(Task data):
--- START ---

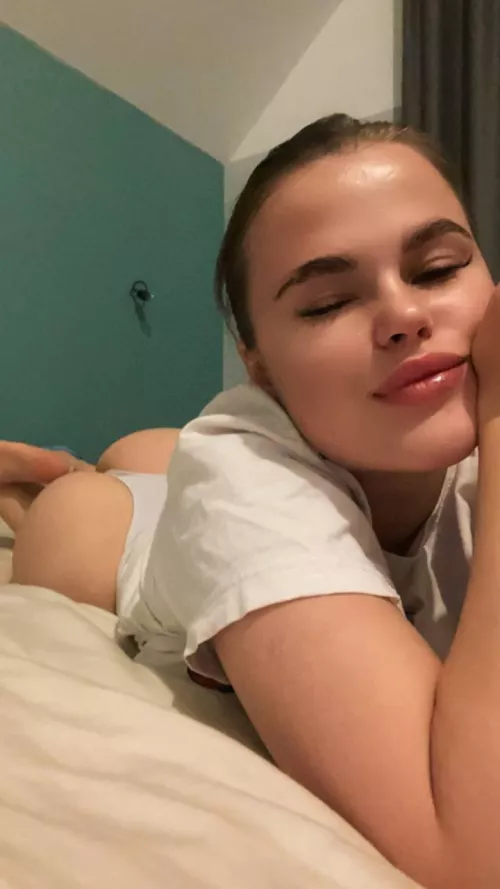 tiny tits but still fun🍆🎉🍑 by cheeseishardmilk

--- END ---
--- START ---

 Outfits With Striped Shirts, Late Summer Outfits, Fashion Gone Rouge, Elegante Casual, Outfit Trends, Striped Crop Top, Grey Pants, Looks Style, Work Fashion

--- END ---
--- START ---

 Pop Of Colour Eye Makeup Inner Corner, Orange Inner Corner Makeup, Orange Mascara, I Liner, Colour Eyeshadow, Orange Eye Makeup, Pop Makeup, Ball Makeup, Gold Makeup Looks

--- END ---

(Work task):
Wherever the string "Looks" turns up in the material, copy the whole line.

(Result of this exercise):
 Outfits With Striped Shirts, Late Summer Outfits, Fashion Gone Rouge, Elegante Casual, Outfit Trends, Striped Crop Top, Grey Pants, Looks Style, Work Fashion
 Pop Of Colour Eye Makeup Inner Corner, Orange Inner Corner Makeup, Orange Mascara, I Liner, Colour Eyeshadow, Orange Eye Makeup, Pop Makeup, Ball Makeup, Gold Makeup Looks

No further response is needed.